But for the first months of her life, until she weighed in at 250 pounds, Gracie lived inside the house. It wasn't easy. The problem wasn't cleanliness; Gracie was fully housetrained. But she was an obsessive foodie, and if she thought there was food under the sofa, she'd upend it and dump all the contents onto the floor. Susan and Brian took to sneaking snacks and running with them into their bedroom, slamming and locking the door so that Gracie, snorting and pawing and slamming her large body against it, couldn't get in before they finished eating.

But neither "Inner Sanctum" Gracie nor Belle was Snooters' first pig. That was Valentine, the pot-bellied pig "who started it all," Susan says, adding ruefully, "Have I ever evolved! I bought Valentine from a breeder and then learned all about pigs and their background, especially the gruesome factory farms where "thumping" piglets to death is standard procedure." Thanks to Valentine, Susan and Brian became pig-savvy and slowly transformed their charming country retreat into Snooters Pig Sanctuary.

Snooters now has a dozen pigs, nine pot-bellies rescued from humane societies, and three (including Gracie) rescued from factory farms. Shy and sweet Forrest and his more dominant brother Earl are potbellies rescued from a backyard breeder who sold his "wares" to people holding private BBQs. When Susan bought them, the breeder grabbed them by the legs and, as their mother watched silently, carried them upside down to the car, where he threw them into crates. Before Susan drove off with her precious cargo, she approached the sad-faced sow and told her, "They are forever safe."

Poppy and Flossy are Yorkshires from factory farms, Flossy saved from slaughter only because of her unusual looks: large flat ears, and one brown and one blue eye. From the piggly perspective, Flossy was low on the pecking order, ate only leftover food and was, in Susan's words, "one very sad little girl" until a sympathetic worker saved her. Flossy was an injured piglet who, like Gracie, was rescued just before she was to be thumped. She is now healed and healthy, a "close talker" and just a tad pushy.

These fortunate pigs share their rural haven with other animals: two horses, Harley and Dolly, rescued from slaughterhouses, two Jersey bull cows rescued from a dairy farm and doomed by their gender to be bobby calves slaughtered days after birth or raised as veal calves, arguably a worse fate. One of them, Ashli Taylor, arrived with his umbilical cord still intact.

There are also two sheep, Timmy and Tommy, and ten battery hens known as "The Girls." During a recent visit, one of The Girls watched a visitor sweeping the henhouse stairs then waddled over and brushed away the remaining bits of hay, finishing the job.
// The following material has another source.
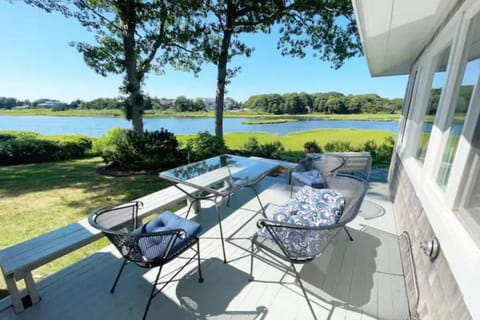 Waterfront Newly Renovated w Amazing Views House in Tisbury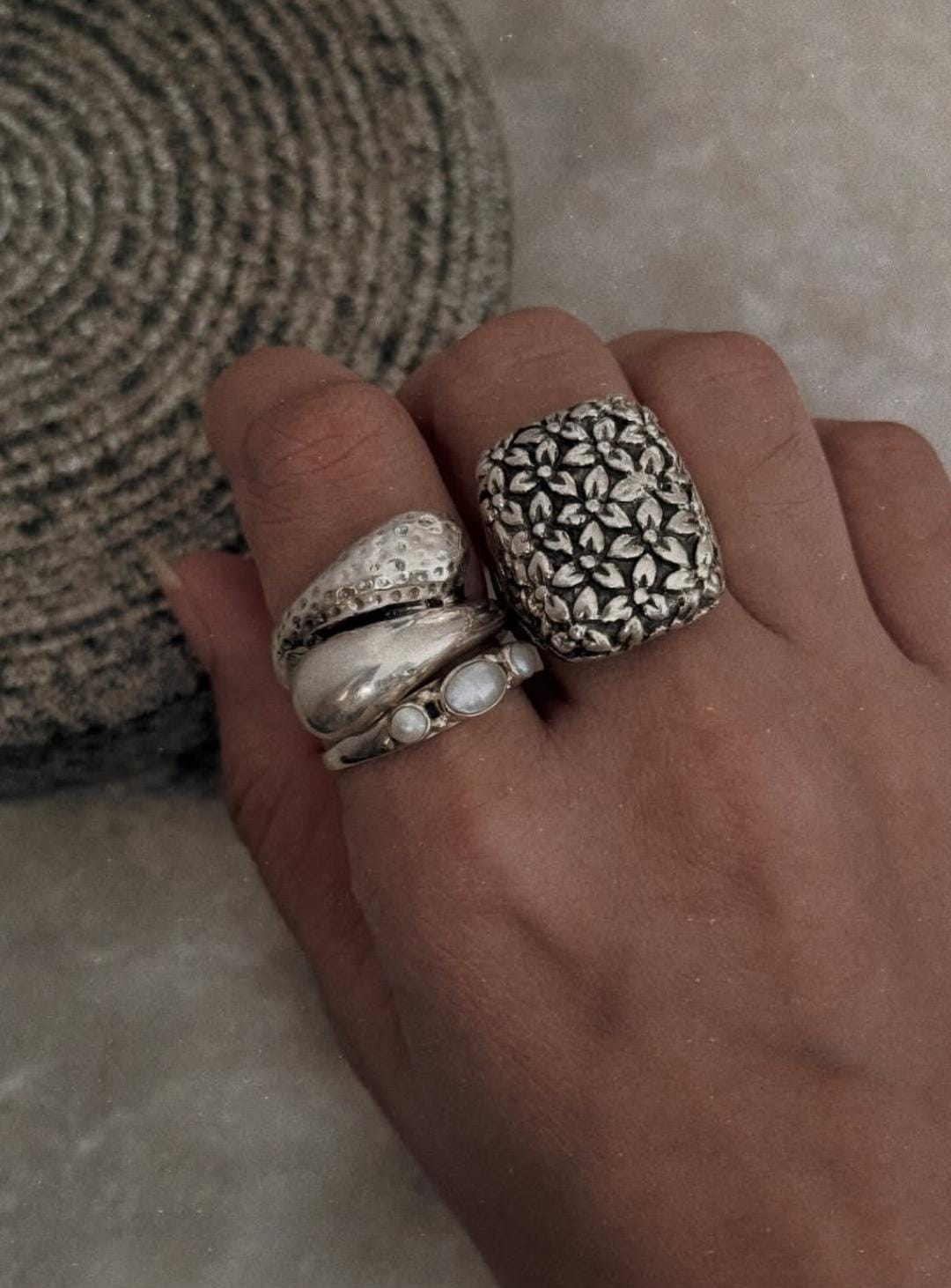 925 Sterling silver floral signet ring with pearls and chunky drop accents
For its animal residents, Snooters is a sanctuary. For visitors, Snooters is a living reminder of what an animal's life can be, how enterprising and energetic a battery hen can be, how clever and fun-loving a pig, how jolly and playful a horse or a sheep. Inside Snooters, the horror of factory farms and slaughter recedes; it provides respite and serenity to the animal rescuers but also hope and relief to those who despair about humanity's treatment of its fellow animals. As a Snooters' plaque proclaims, "Wonderful Things Happen Here."